* **What you need to do**:
For the listing below, output exactly the lines from the line with "Sejumlah kepala organisasi" up to and including the line with "Photo 10 - 1", and no other lines.

* **Information supplied**:
-.-.-
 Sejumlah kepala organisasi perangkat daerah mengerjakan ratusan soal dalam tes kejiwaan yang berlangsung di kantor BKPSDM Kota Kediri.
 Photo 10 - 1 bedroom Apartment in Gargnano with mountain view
-.-.-
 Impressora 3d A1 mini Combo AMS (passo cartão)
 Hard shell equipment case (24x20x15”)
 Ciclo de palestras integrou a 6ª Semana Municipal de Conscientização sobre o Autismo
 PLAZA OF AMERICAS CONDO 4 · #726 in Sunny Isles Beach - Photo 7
-.-.-
* **Answer to this task**:
 Sejumlah kepala organisasi perangkat daerah mengerjakan ratusan soal dalam tes kejiwaan yang berlangsung di kantor BKPSDM Kota Kediri.
 Photo 10 - 1 bedroom Apartment in Gargnano with mountain view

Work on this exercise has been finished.